18 réponses pour “Sondage: 75% des infirmiers inquiets pour leur avenir”

  1. letho dit :

    ras le bol de l’ordre infirmier je peux comprendre que les très corporatistes libéraux veulent défendent leurs fonds de commerce cependant que leboeuf se casse et tous les vieux croutons de la profession avec un cadre de santé

  2. Scalpel dit :

    “Sondage: 75% des infirmiers inquiets pour leur avenir”

    –> faut dire que dès qu’on parle sondage, les IDE sont là, la poche à pipi aussi.

  3. IDE CHU BREST dit :

    Bonjour,
    les infirmiers sont satisfaits de la reconnaissance du niveau licence (bac+3) de leurs études. Ont-ils compris que cette reconnaissance, malgré l’aumone de la catégorie A au rabais, ne concerne que les diplômés à partir de 2012 et aucunement les infirmiers actuellement en poste ? c’est une discrimination majeure qu’il faudra assumer longtemps dans les services de soins, au sein des équipes, même si les infirmiers diplômés d’avant 1992 (fusion des formations générales et psy, passage aux 3 ans d’études) sont déjà partis ou sur le point de quitter la carrière.

  4. David Morillo dit :

    Alala ca va . Un petit peu dhumour et surtou de solidarite . . .

  5. Et tres representatif du manque de cohesion et de solidarité dans les professions de santé… Divisons nous encore un peu plus, et l Etat nous enlevera les derniers tout petits avantages qui restent…!!

  6. Frédi dit :

    “« Même division aussi sur l’Ordre infirmier : les deux tiers des libéraux pensent que c’est une bonne chose, »
    Quelles sont vos sources pour affirmer cela ?
    Autour de moi des libérales : prenons 3 cabinets avec 3 IDE chacun. Ce qui fait 9 IDEL. Il y en a seulement 1 pour l’ordre (mais non inscrite), les 8 autres le rejètent sans aucune honte, bien au contraire…..”

    chez nous, bien au contraire, pratiquement tous les infirmier(e)s libéraux (ales) ont adhéré à l’ ordre…. autour de moi, cela fait environ une vingtaine de personnes, et seulement 2 qui n’ ont pas encore adhéré….et 2 qui n’ ont rien reçu et qui ignoraient tout de cette situation…

    Mais de toute façon, un sondage sur “300 personnes” cela ne fait pas beaucoup pour être représentatif……. et au niveau d’ un sondage, les résultats dépendent aussi de la formulation des questions !

  7. C’est clair sébastien qu’est ce que c’est chiant!!! Et surtout contre productif…

  8. Franchement, le “AS power” à chaque fois qu’un article concerne les IDE, c’est un peu lourd…

  9. Mimi dit :

    “Même division aussi sur l’Ordre infirmier : les deux tiers des libéraux pensent que c’est une bonne chose,”
    Quelles sont vos sources pour affirmer cela ?
    Autour de moi des libérales : prenons 3 cabinets avec 3 IDE chacun.
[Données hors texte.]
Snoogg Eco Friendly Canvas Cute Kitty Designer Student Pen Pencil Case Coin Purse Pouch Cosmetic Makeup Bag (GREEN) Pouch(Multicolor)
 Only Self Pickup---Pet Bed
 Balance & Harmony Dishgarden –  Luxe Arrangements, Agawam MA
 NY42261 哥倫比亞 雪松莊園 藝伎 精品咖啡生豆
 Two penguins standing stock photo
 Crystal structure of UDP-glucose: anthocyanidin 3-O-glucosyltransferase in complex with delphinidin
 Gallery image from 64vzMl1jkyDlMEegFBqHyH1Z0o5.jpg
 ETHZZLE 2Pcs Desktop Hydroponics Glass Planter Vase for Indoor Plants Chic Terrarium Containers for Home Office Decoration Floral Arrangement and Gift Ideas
Ce qui fait 9 IDEL. Il y en a seulement 1 pour l’ordre (mais non inscrite), les 8 autres le rejètent sans aucune honte, bien au contraire.

    Regardez autour de vous, faites un vrai sondage.
    Les libérales n’ont pas envie de dépendre d’une instance qui ne sert à rien !! tout comme les salariés ( de l’hosto, des cliniques, des MDR, de l’education natiuonnal ….).
    Et le coups de la cotis à 75 euros, faut arreter de le sortir.
    Meme à 1 euro symbolique l’ordre sera rejetté.
    Posez vous les bonnes questions : Pourquoi ???

    Avoir au dessus de soi une bande d’anciens infirmiers (fainéants, revanchards, assoifés de pouvoir politico médical) complètement à l’ouest de ce qui se passe réellement en service, devoir devenir tributaire de leurs abérations, car trop éloignés du terrain, signer le saint bréviaire qu’il veut faire passer en force, tout comme les nones avaient la bible en livre de chevet …
    Ben non merci, pas pour moi.

    Que DLB et consort aille faire des études de médecine, ou de politique, mais qu’ils nous lachent la grappe.
    Nous ne voulons pas de l’eur chapotage !!!

    • Florent dit :

      La source, c’est… ce sondage!

      Que vous le vouliez ou non, une majorité de vos confrères et consoeurs sont favorables à l’ONI, et vos syndicats font une pub d’enfer.

      Vous oubliez quand même une info générale: 61% des IDE tous secteurs confondus sont contre.

      • Mimi dit :

        heu … “La source, c’est… ce sondage!”

        75 % des IDE inquiets, sur 303 IDE admettons …

        de là à conclure que l’echantillon representatif des libérales (combien d’IDEL en chiffre ??? 10 ? 05 ? 15 ? 9 ? ) amènent à réellement penser que 2/3 des lib sont pour l’ordre … je me marre.
        303 IDE interrogées sur 500 000 cela fait 0.0606 % … très representatif effectivement.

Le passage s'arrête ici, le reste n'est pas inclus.